Still, the program envisioned by its funders is "unprecedented," he said. Generally at Illinois (and in higher education), donors play more of a role in setting up a broad subject area for support than in selecting recipients. In terms of statements that Vermette and other founders of the academy have made, Burbules said he disagreed with the idea that they could hire adjuncts for their programs. And of the idea of the center creating video games to encourage children to be more capitalist, Burbules said: "I can't imagine any faculty member or department taking money for that purpose."
He also questioned the idea that the campus was somehow against free markets. Urbana-Champaign has "one of the biggest and most influential business schools in the country," Burbules said, as well as a "very strong" and very market-oriented economics department. A wide range of political views are present on the campus. "I really don't think Illinois is a particularly good example of a campus with a left wing bias," he said.
Nelson, of the AAUP, said that the idea that the new program might hire adjuncts to teach courses was a perfect symbol of the flaws of the effort. "The want to emulate all the worst elements of capitalism in higher education," he said. "They want to promote the capitalist exploitation of workers in higher education. They may want to fund additional wars in the Middle East, too."
There is nothing wrong, Nelson said, with professors with common intellectual interests banding together to build centers or programs, or building programs with a particular philosophy. He said his questions were about the idea that the center was being created outside of normal procedures for new academic programs.
Nelson said it was "good that the Senate was trying to lasso this enterprise," but he questioned why the discussions about oversight were happening "after the fact," when funds have been accepted and opening ceremonies planned with senior university leaders. He also said he was disturbed by Neal's involvement. "I am ashamed to see Anne Neal's name associated with the university," he said. "I am concerned that her presence on the roster means this academy will try to engage in unscrupulous ad hominem attacks."

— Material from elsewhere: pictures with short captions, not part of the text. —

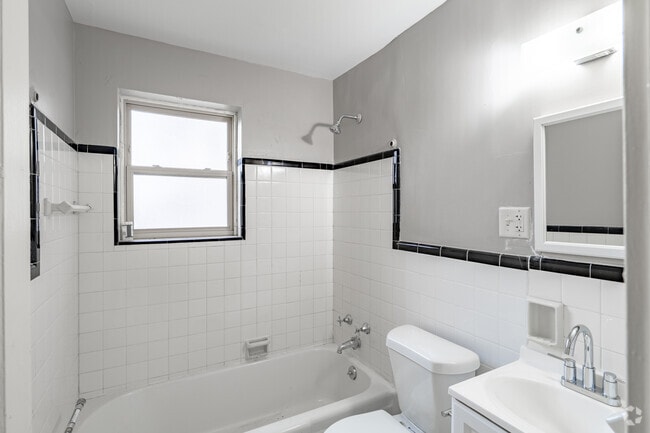 1BR, 1BA - 600SF - Bathroom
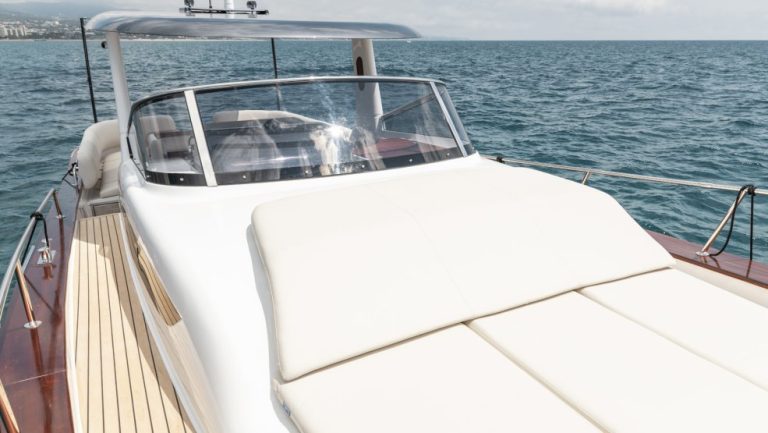 uploads_barcos_g38_exterior_985x555_c_dsc2760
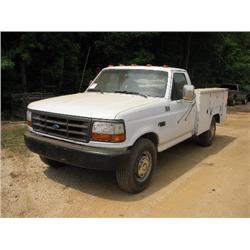 1993 FORD F350XL SERVICE TRUCK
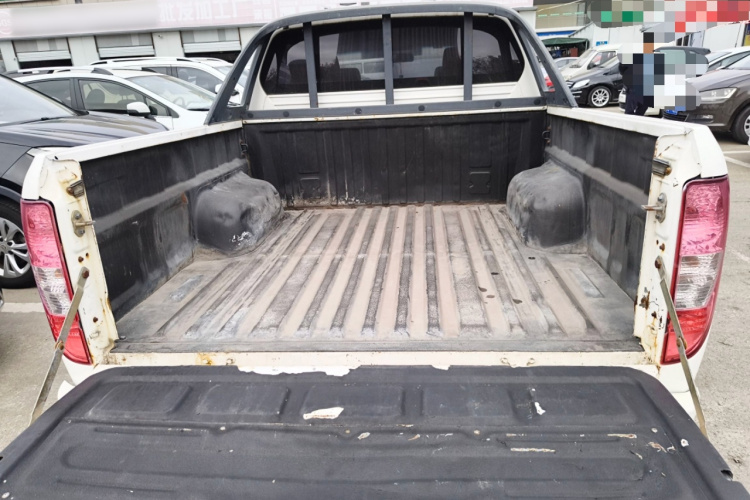 江铃 域虎7 2017款 2.4T经典版柴油两驱豪华型JX4D24A5L局部细节23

Of Nelson's remarks, Neal said that academe "should be about ideas, not about demonizing people who are on advisory boards." While the advisory board has only just been created, she said she would push for all programs to be open to people from a range of perspectives. There is no reason for faculty to be fearful of such efforts, Neal said.
Professors should be pleased that "there are alumni who want to provide resources for students to have more choices and more ideas," she said.

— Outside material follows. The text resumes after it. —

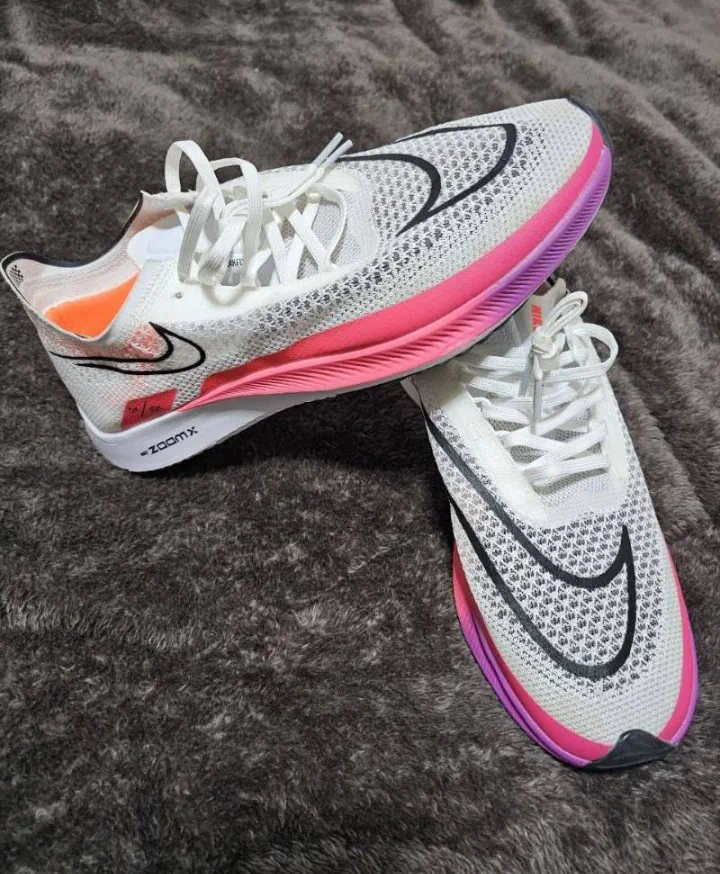 Nike · Talle EU 42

Jeffrey Brown, a professor of finance at Illinois, is another member of the advisory board. He said that he's not shocked by the opposition -- "there are some people here who think profit is a dirty word" -- but that he views the new program as a good thing.

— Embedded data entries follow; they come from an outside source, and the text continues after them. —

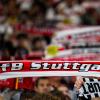 Ein Fanschal des VfB Stuttgart wird vor dem Spiel hochgehalten.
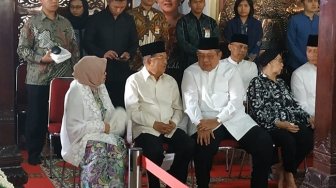 Wapres Jusuf Kalla Hadiri Persemayaman Ibunda SBY di Puri Cikeas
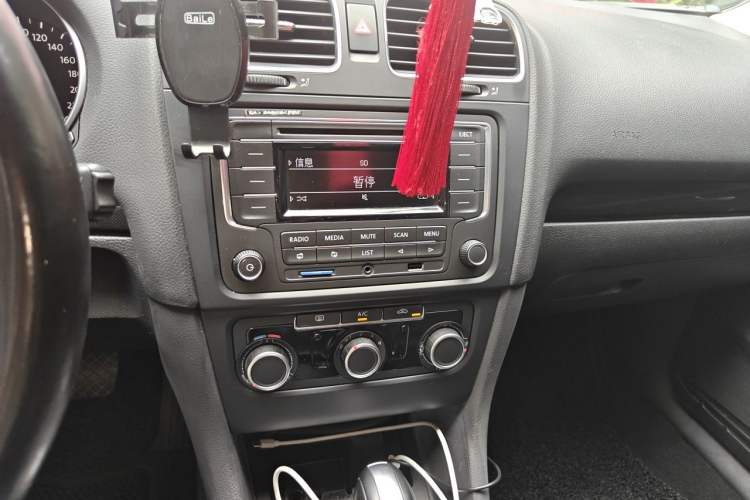 Used Volkswagen Golf 2012 1.6L Automatic Comfort Model Audio And AC Panel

Brown said he was "not an expert on university rules," so he didn't know the specifics of how funds would be given out to support projects. But he said that since this was a "donor-initiated fund" and that the goal was to involve professors from a range of disciplines, it made sense to house it in the university's foundation. The programs the new academy will support all make sense to him. "The types of things they are talking about doing -- research and seminars and speakers -- these things are the lifeblood of any academic institution," he said. Brown added that he "could not imagine" the academy dictating who would be hired for professorships or anything that would intrude on faculty roles.
When he was approached about the idea, he said, "what I saw were a fairly motivated, dedicated group of loyal University of Illinois alumni who had a vision and were willing to dedicate some resources to what I saw as a good educational program."